I had collection releases planned out for the year, maybe they’ll happen, maybe they won’t. Exactly one year ago in February 2020 I started painting flowers. The florals were a response to the short, cold and dark days of winter that were dragging on. I needed color and sunshine. So I painted it. And then I spent almost an entire year painting flowers, evolving into a looser, more semi-abstract style. 

Deeann suggested in my consult to take my favorite floral and paint the same color scheme, pull the same elements and use the same techniques but to apply that to a landscape. I have a deep love of landscapes and that direction seems like it would make the most sense next. But, for reasons I can’t explain, I’m feeling a draw to take my figure and dancer sketches from the past and use them to propel into a study on the figure.

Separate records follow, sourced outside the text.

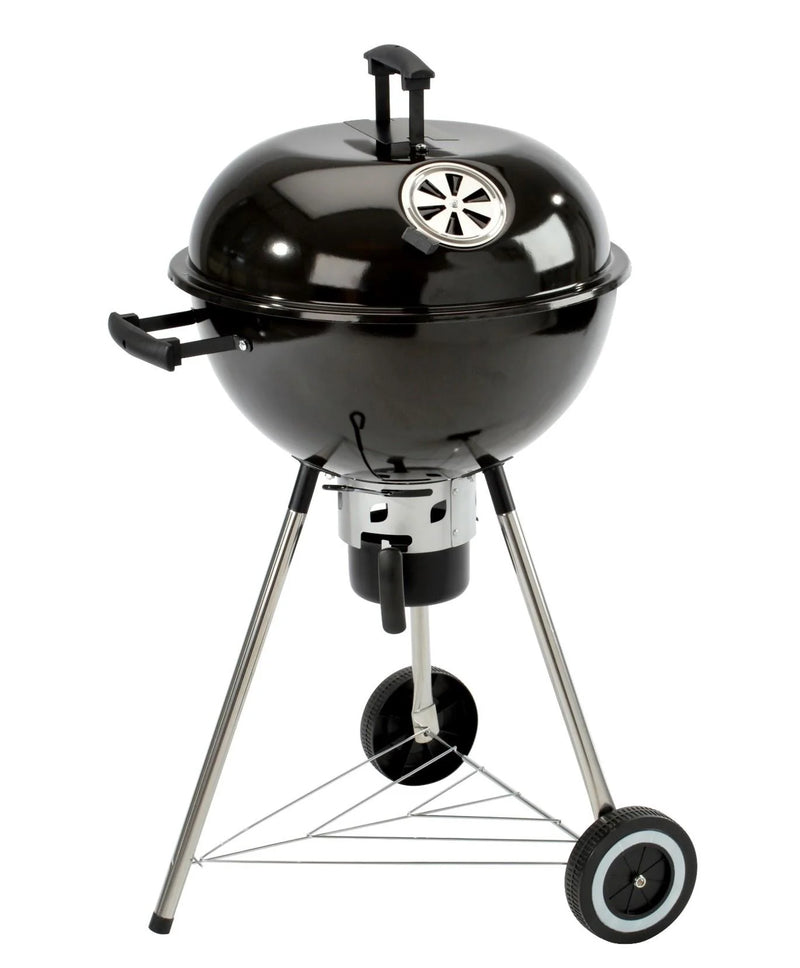 Landmann Medium Kettle BBQ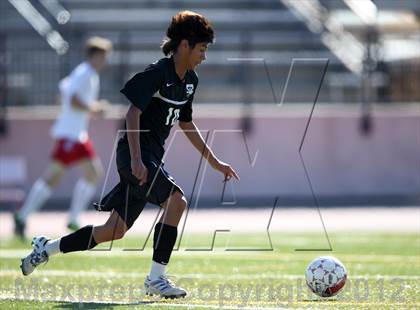 Thumbnail 2 in Rangeview @ Eaglecrest photogallery.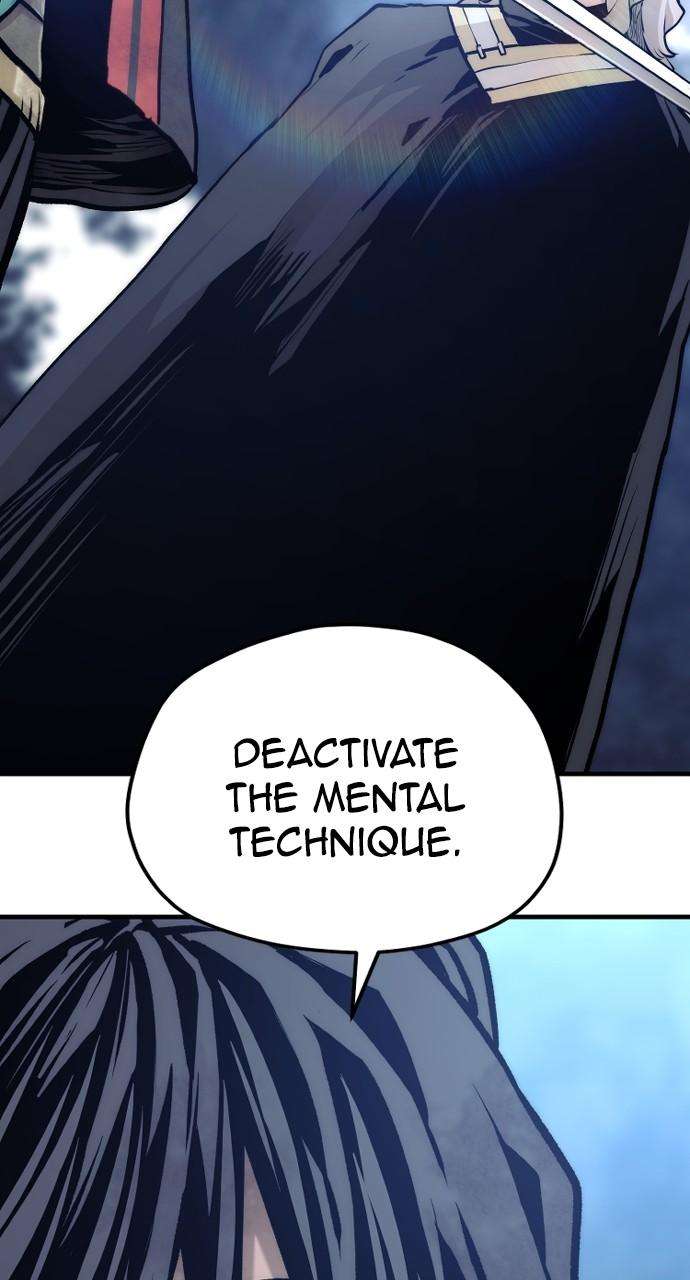 Read Heavenly Demon Cultivation Simulation Manga Online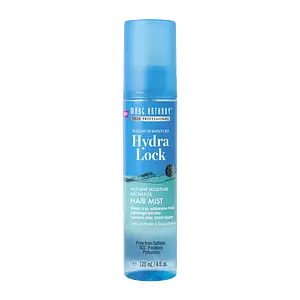Marc Anthony Maximum Moisture Hydra Lock Instant Moisture Recharge Hair Mist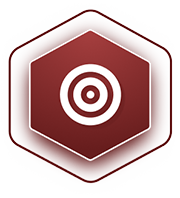 Application Strategy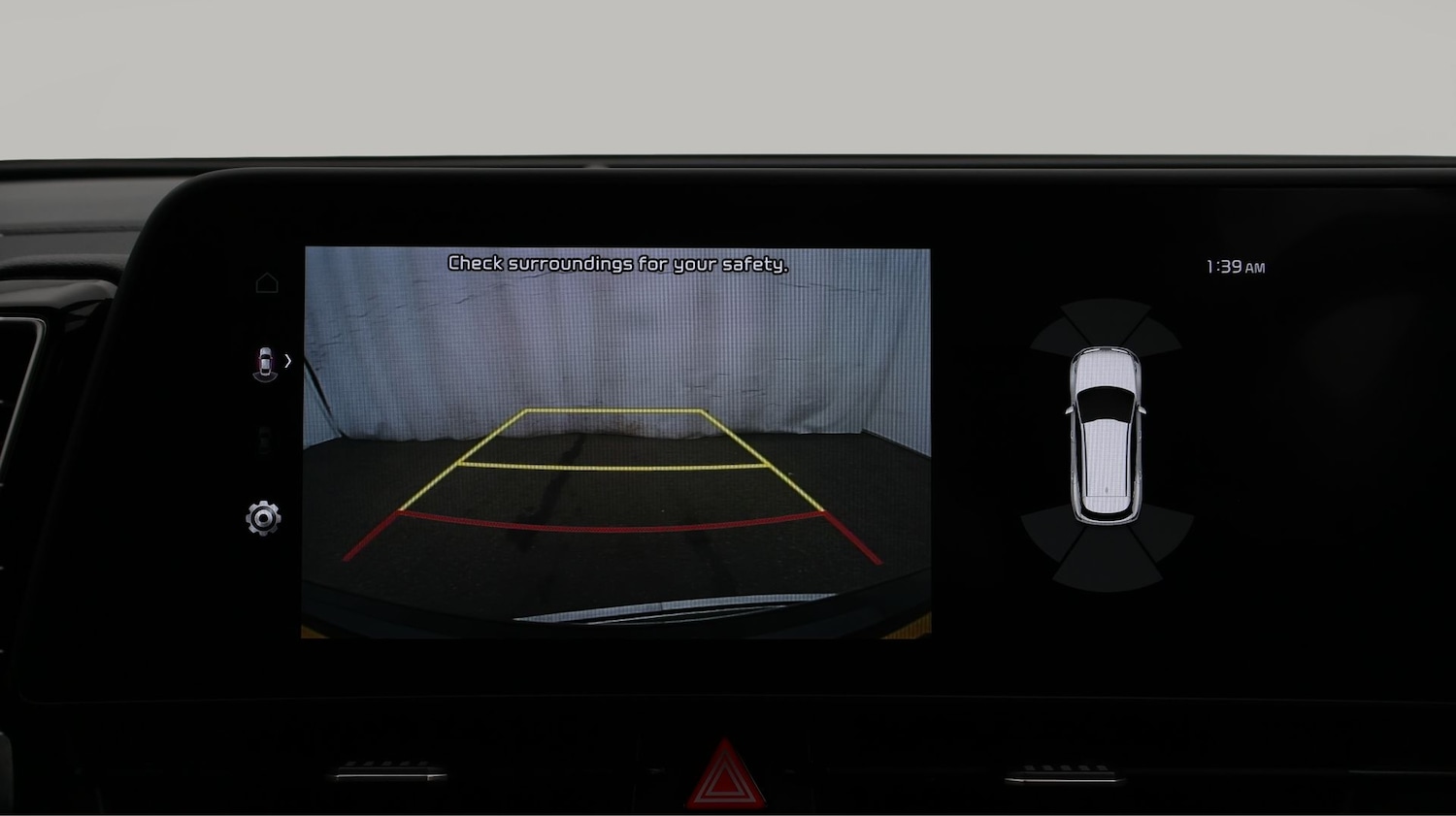 Used Kia Sportage 2023 for sale - 77601886: Photo 21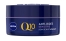 Nivea Q10 Anti-Rides Sensitive Soin de Nuit Apaisant 50 ml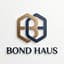 Avatar for BondHaus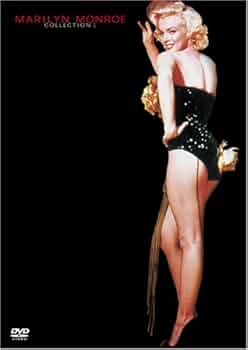 41XHZXVNTCL._AC_UF350,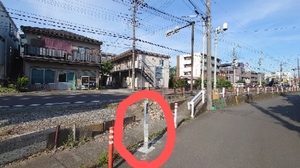 20220703155436750.jpg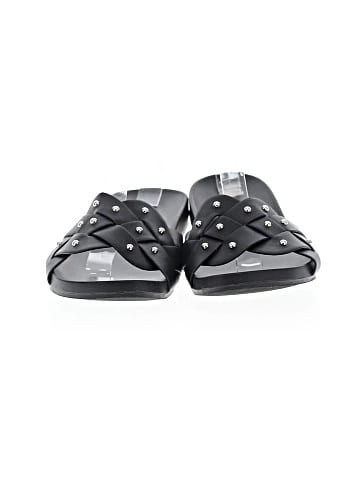Universal Thread Sandals (view 2)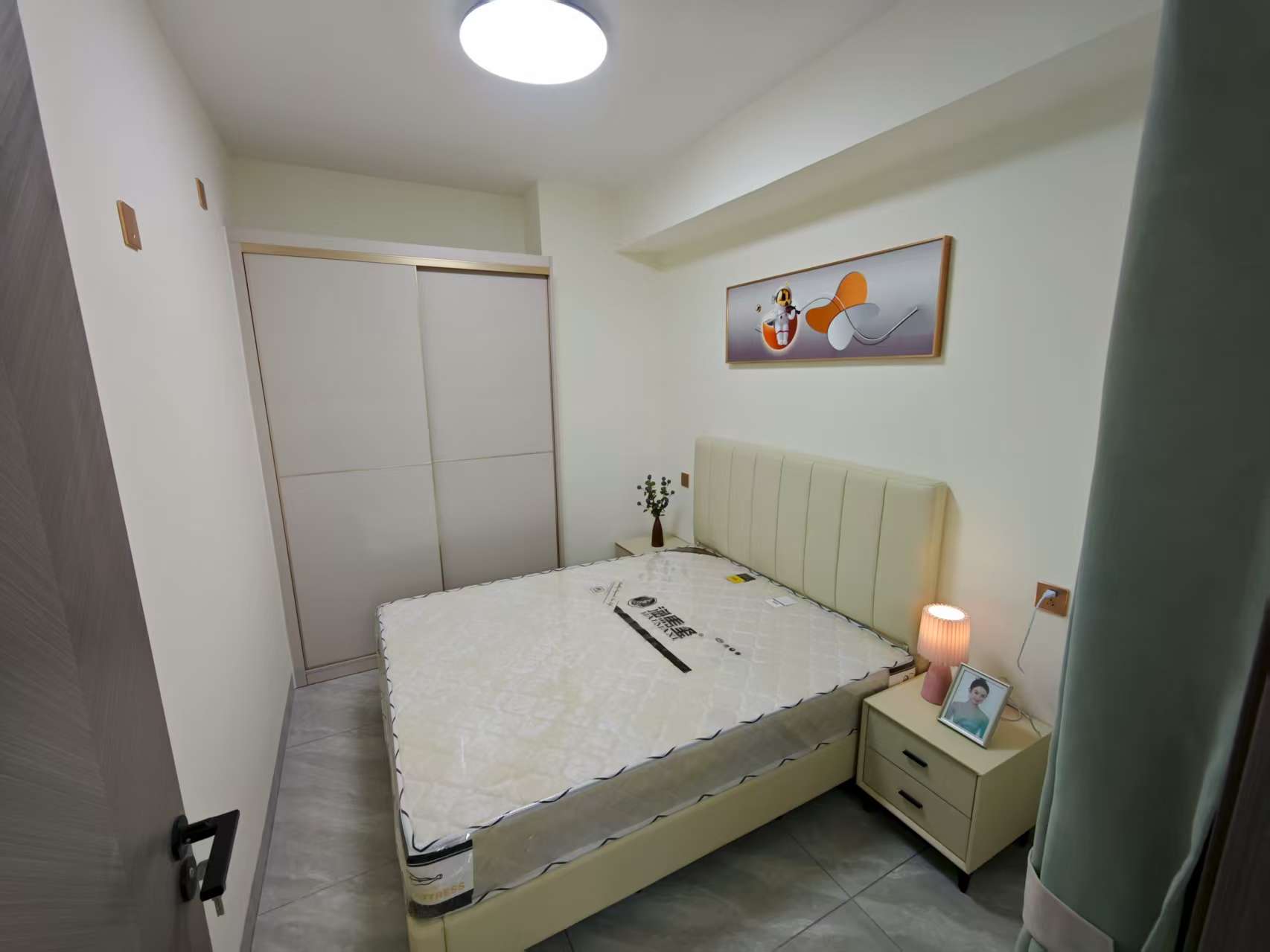 凤翔大厦 1室0厅0卫 79.0万 凤翔大厦 1室0厅0卫 79.0万室内图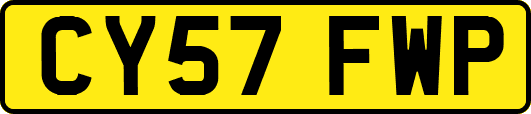 CY57FWP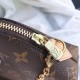 LOUIS VUITTON Cosmetic Bag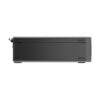 NEO 55S G6 5 220 8/256 W11P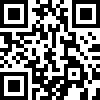https://ibna.ir/x6dGR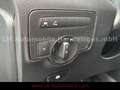 Mercedes-Benz Vito 114 CDI RWD*LED*Automatik*Sortimo* Silber - thumbnail 25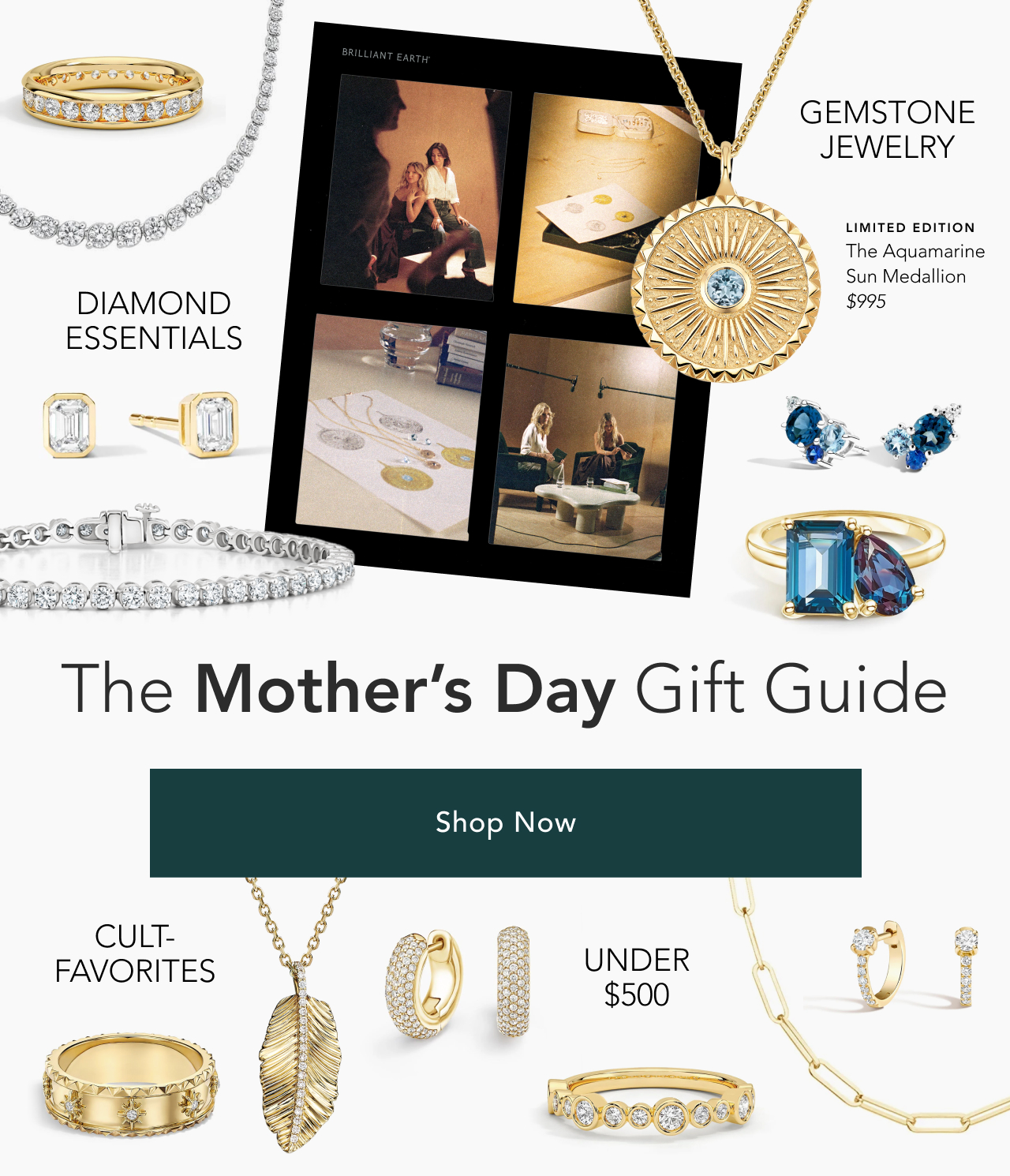 Shop Now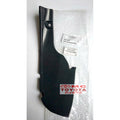 Liner Fender / Spakbor Belakang Kanan Yaris 52591-0D070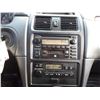 Image 25 : A4 --  2002 TOYOTA CAMRY SOLARA SE , Black , 528374  KM's "NO RESERVE"
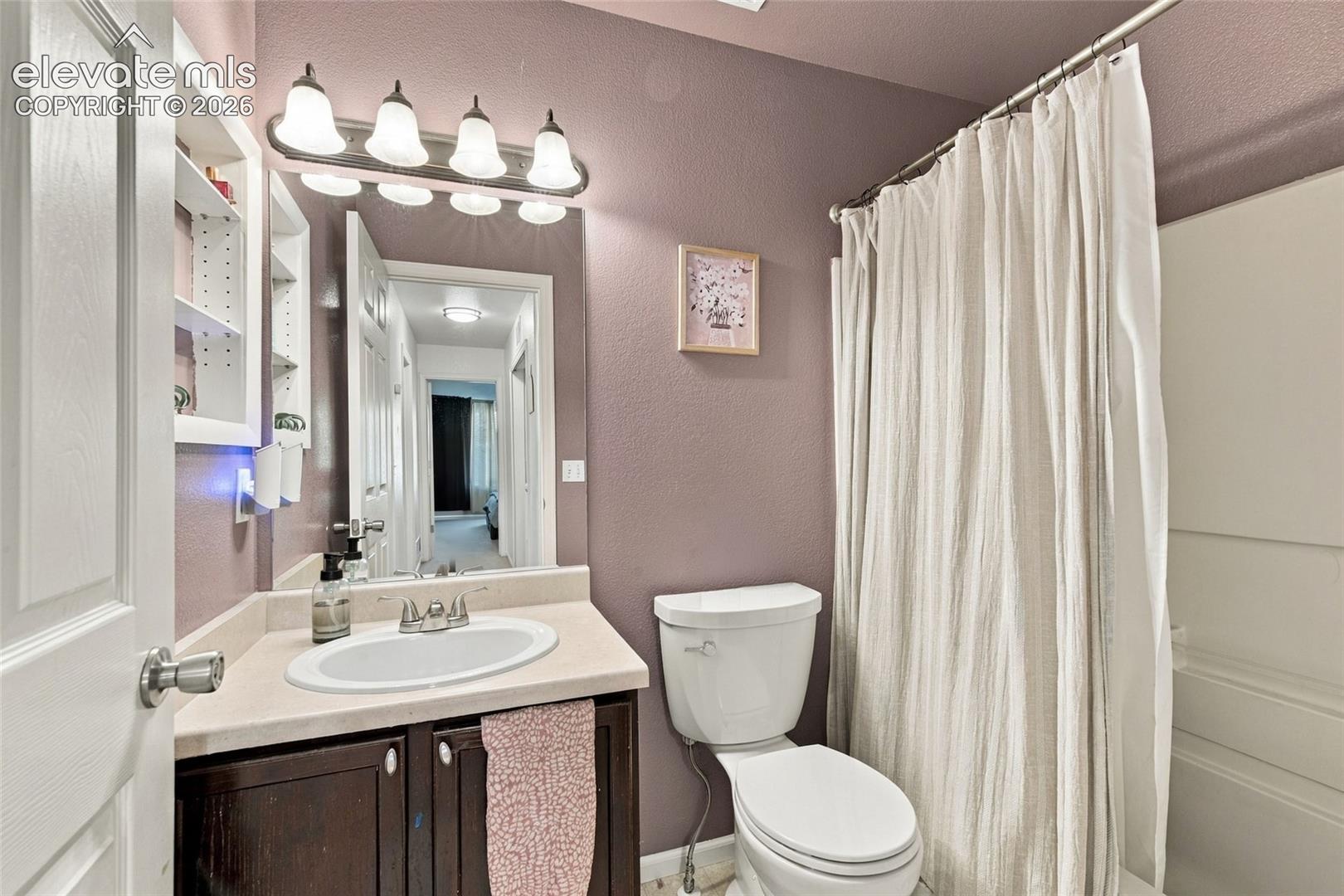 Listing photo 18 for 8451 Shadow Run Lane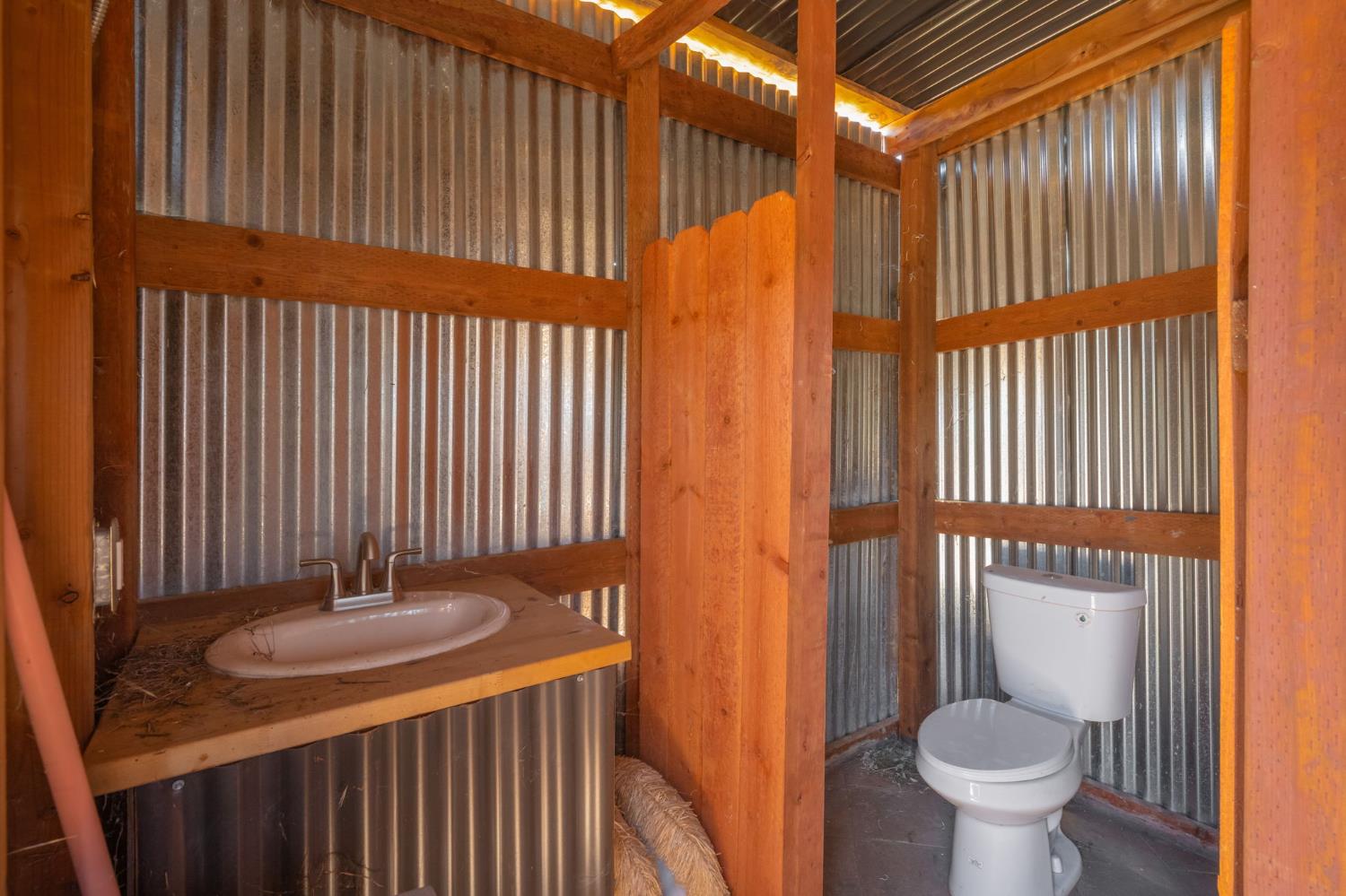 1781 Springvale Road Placerville, CA 95667 - Photo 79 of 82 Gallery Image 79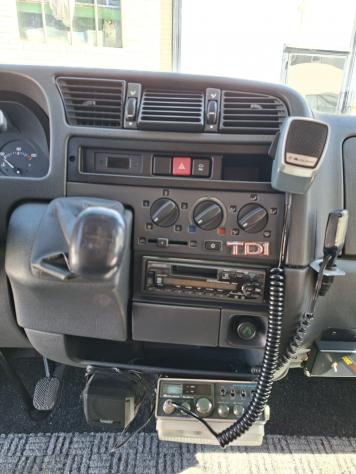 CAMPER BENIMAR DUCATO SEMINTEGRALE DINETTE LETTO FRANCESE PORTAMOTO CLIMATIZZATORE FOTOVOLTAICO CAMPEGGIO USATI GENERALI 1769 - Foto 9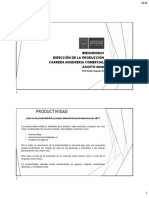 1 Teoria de La Produccion v2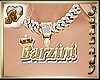 "S" FAM BARZINI FOR HER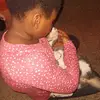 Dereka Guinn - @dereka.guinn - TikTok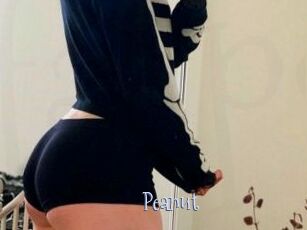 Peanut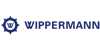 Kundenlogo von Wippermann jr. GmbH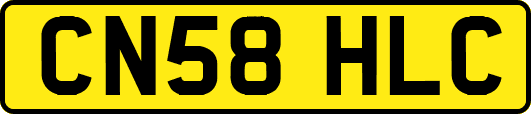 CN58HLC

The original plan was to release a collection in March. But that’s pretty soon and I doubt I can get there with this new frame of mind. Rather than rush it, I’m already prepping myself to accept that I’m going to miss that deadline. But the payoff will be a beautiful collection that allowed a learning and growth that will help define my art, rather than a rushed collection. Maybe I’ll hit a stride and the paintings will flow and I’ll have a collection by March.I love it when that happens! But I’m not counting on it.

I have a lot of ideas for various subjects taking what I learned from the florals last year and building on that. I’m excited to dive in! And if you’ve read this far - thank you for coming along with my story. Here’s a sneak peak of the figure study, the sketch from a few years ago and the (work in process) painted version. Not all figures will be off those sketches, but it’s a starting point.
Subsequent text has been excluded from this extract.